Your visitors are not insiders

The people who built your programs, wrote your grants, and designed your theory of change are not the people reading your website for the first time. First-time visitors arrive with no prior context. They don't know what your program names mean, why your fiscal year structure matters, or what "systems-level change" actually looks like in practice.

When your content uses insider language, those visitors have to work harder to understand you. Some of them will. Many won't bother, especially when there are competing organizations whose sites explain their work more clearly.

Jargon creates distance

Terms like "capacity building," "theory of change," "two-generation approach," and "collective impact" are widely understood inside the sector. Outside it, they're confusing or meaningless. The same is true for acronyms that feel so familiar internally that no one thinks to spell them out.

Distance is the opposite of what you want. You want visitors to feel like they understand your work and want to support it. Jargon creates a barrier before that connection can form.
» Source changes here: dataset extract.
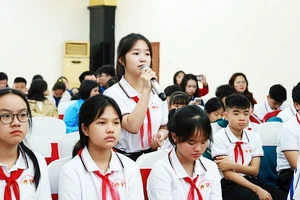 Các học sinh tham dự diễn đàn.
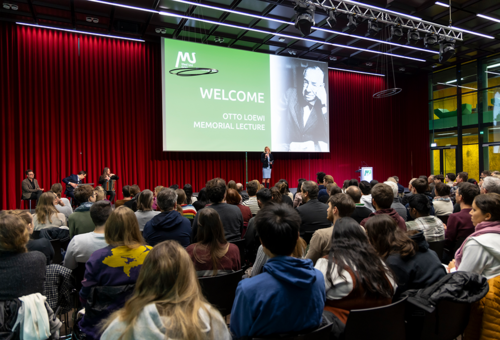 Caroline Schober konnte zahlreiche Gäste in der Aula begrüßen.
Plain language improves accessibility

Clear, straightforward writing is an accessibility issue as well as a communication issue. People with cognitive disabilities, those who are reading in their non-primary language, and people with lower literacy levels all benefit from plain language. For organizations whose mission involves serving vulnerable or marginalized populations, writing accessibly on your website is a direct expression of your values.

WCAG 2.1 accessibility guidelines include reading level recommendations. While these are not as strictly enforced as contrast or alt text requirements, they reflect a genuine commitment to making your content usable by everyone.

Plain language helps SEO

Search engines surface content that matches what people actually search for. People don't search for "two-generation programmatic intervention." They search for "job training for parents" or "childcare help while I go back to school." When your content uses natural, everyday language, it aligns better with real search queries and ranks more easily for the terms your audience is actually using.

In website audits, content clarity is one of the most common issues we flag on nonprofit homepages. It doesn't require a redesign to fix just plain rewrites of a few key paragraphs.

How to audit your content for plain language

Paste your homepage text into the Hemingway Editor (free, web-based). It highlights long sentences, passive voice, and reading level. Aim for grade 8 or below for content aimed at a general audience. For service seekers or people in crisis, aim lower.

Read your About page out loud and notice where you stumble. Any sentence you have to re-read is too complex. Any term you have to mentally define is jargon.

Common nonprofit jargon to watch for

  • Capacity building
  • Theory of change
  • Collective impact
  • Equity-centered / equity-informed
  • Wraparound services
  • Trauma-informed (without explanation)
  • Two-generation approach
  • Systems change
  • Cross-sector collaboration

None of these terms is wrong. All of them need plain-language explanations when used on a public-facing website.